Je rentrai dans ma chambre avant de me retourner pour observer mon garde du corps.
— Père a toujours voulut contrôler ma vie. Mon avenir est tracé depuis ma naissance. Je ne suis qu’un pantin qui n’a aucun pouvoir sur sa propre existence. Un exécutant, comme toi, voilà ce que mon père veut que je devienne. Ce que je ne serais jamais. Je préfère mourir.
— La dynastie Ilinburg mourrait avec vous.
— Mon frère n’a qu’à prendre ma place, tout le monde n’y verrait que du feu. Et lui est fait pour gouverner. Il a suivi le bon moule que père a choisis.
— Vous tromperiez les hommes ainsi, mais la déesse Pyrrée verrait votre subterfuge.
— Pyrrée est un symbole de révolution, elle comprendrait mon geste.
Mettani soupira. Il connaissait mon entêtement.
— Tâchez de vous reposer, dit-il d’un ton neutre. Ne faites pas en sorte d’aggraver la situation.
— Et vous, restez à votre place. Vous n’êtes ni conseiller du roi, ni mon précepteur.
Mon ton cinglant acheva sa volonté de m’aider. Il garda son sang-froid, même si je savais qu’il bouillonnait à nouveau. Il se contenta de fermer la porte et de tourner la clé pour m’enfermer à double tour.
— Je vous veillerai cette nuit, termina-t-il à travers la cloison. J’ai toujours pour ordre de vous surveiller.

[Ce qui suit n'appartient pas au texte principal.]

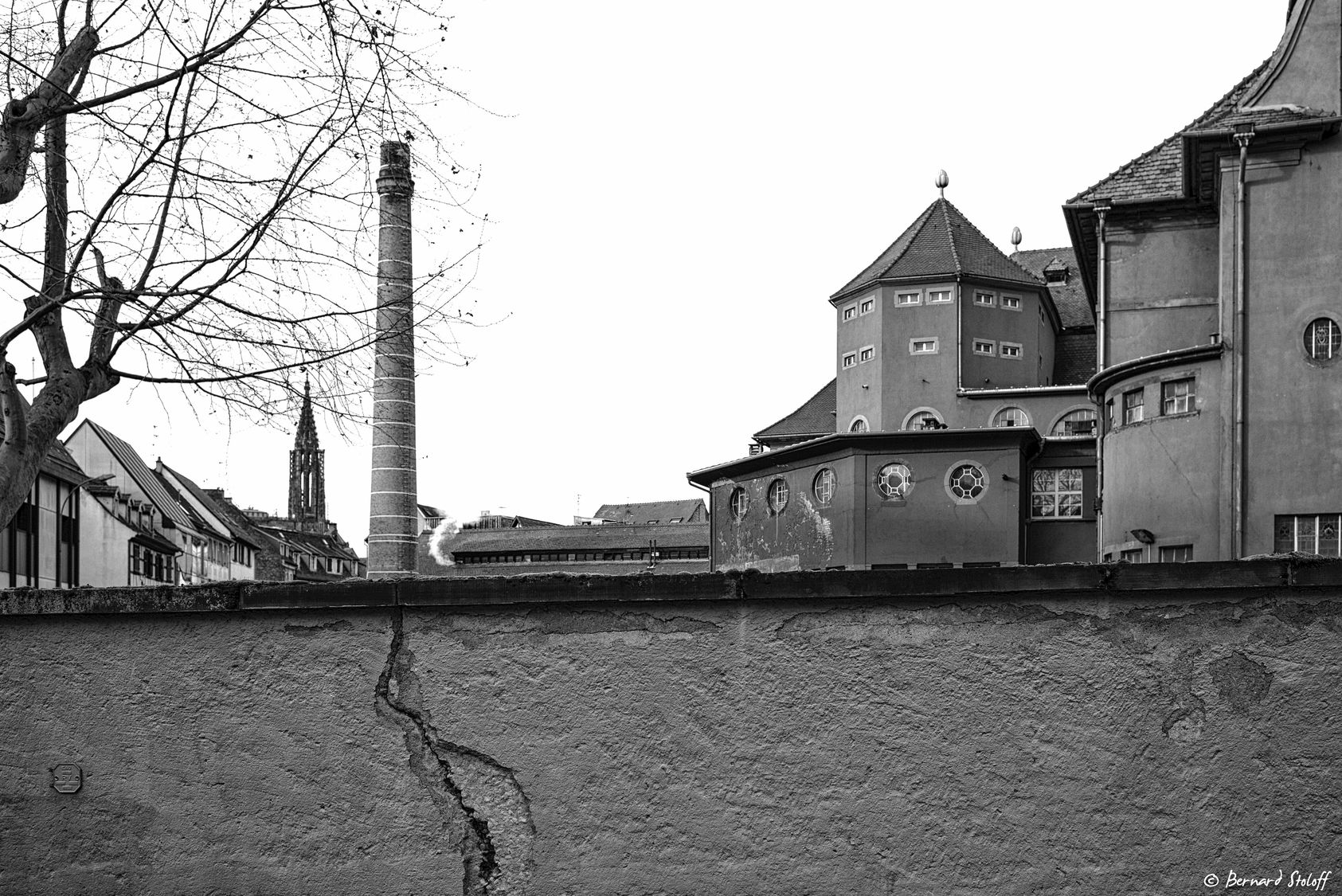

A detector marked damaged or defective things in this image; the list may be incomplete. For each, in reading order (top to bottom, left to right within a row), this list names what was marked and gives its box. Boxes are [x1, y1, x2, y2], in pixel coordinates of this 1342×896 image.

cracked plaster wall [2, 580, 1342, 892] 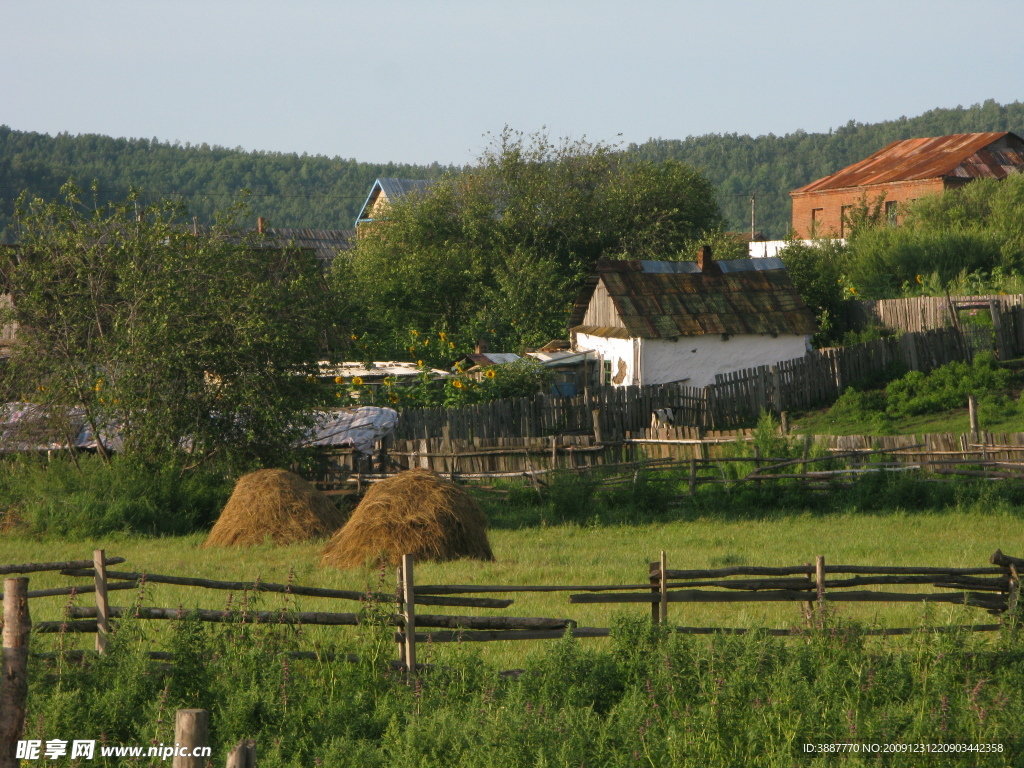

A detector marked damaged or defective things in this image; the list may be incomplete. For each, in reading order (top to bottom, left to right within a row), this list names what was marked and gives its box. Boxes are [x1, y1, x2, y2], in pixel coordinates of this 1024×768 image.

Dans un accès de rage, je m’emparai de la statue du buste du colonel Hamelon sur le guéridon près de mon lit et jetai la figure du héros de guerre contre la porte. Si Mettani réagit, il n’en montra rien. Je n’entendis aucun autre son que celui du buste en laiton frappant la porte et retombant lourdement contre le sol. Je m’effondrai sur le matelas du lit à baldaquin et fixai mon regard sur les velours violacés qui en faisait le tour. Mon sang pulsait dans mes tempes. Je détestai les sermons de mon père. Il ne m’avait jamais frappé jusqu’à maintenant. C’était la première fois. Pour une raison que j’ignorai, je n’en étais pourtant pas choqué. Je m’attendais à une telle réaction depuis longtemps. Comme il l’avait bien dit, j’avais enterré dans l’œuf la trêve qu’il avait eu tant de mal à obtenir. J’étais fier de voir que mon plan avait fonctionné. Faire la paix avec les Dazmaliens… L’idée elle-même me faisait vomir.
Lorsque père m’avait envoyé au front, pensant que la guerre, la gérance martiale du peloton et les conditions difficiles permettraient de me gérer, il n’avait fait que renforcer ma haine envers le royaume. Le traumatisme avait été violent. Les Dazmaliens étaient des animaux, des soldats sanguinaires et surentrainés. Je n’avais que quinze ans, je n’étais pas prêt. Personne ne l’était. Même les soldats les mieux préparés en étaient sortis détruits de l’intérieur. Et la guerre avait continué. Rien n’avait changé depuis le début du conflit, il y a de cela dix ans. Je ne pouvais pas laisser les Dazmaliens obtenir les terres que père leur offrait pour la trêve. Ils ne le méritaient pas. J’avais été un piètre soldat et comme beaucoup, la guerre m’avait laissé des séquelles. Il n’était pas rare que je me réveille la nuit en sursaut après avoir hurlé dans mon sommeil. Pour ce qu’ils m’avaient fait, les Dazmaliens ne méritaient pas cette trêve. Ils devaient être détruits.
Je tentai de penser à autre chose, pour ne pas faire remonter les mauvais souvenirs. Tout en soufflant pour que mon esprit ne vacille pas, j’observai la chambre et ses tapisseries précieuses, la cheminée aux riches moulures dans laquelle crépitait un feu doux et apaisant. Le lustre d’éther était éteint, si bien que je laissai mon regard se perdre dans les flammes quand trois coups résonnèrent à la porte. Mettani laissa entrer mon frère qui se positionna devant la cheminée, les mains croisées dans le dos. Le garde du corps referma la porte sans un mot.
— Qu’est-ce que tu me veux ? sifflai-je en me relevant au milieu des couvertures.
— Ce n’est pas père qui m’envoie. Cesse de croire que la terre entière t’en veut. Je viens en paix.
Je ne répondis rien, me contentant de grogner d’un ton sourd.
— Si tu crois que ça me plaît de te voir dans de telles situations, continua Lloris. Qu’est-ce qui t’a pris avec ce tisonnier ? Tu en veux à ce point à père ?
Je me levai pour aller ramasser le buste du général Hamelon et le reposai sur le guéridon.
— Il pense qu’il réussira à faire de moi le prochain roi, maugréai-je sans regarder mon frère dont le visage, si identique au mien, ne cessait de me fixer de ses yeux noirs. Mais ce n’est pas ce dont je rêve.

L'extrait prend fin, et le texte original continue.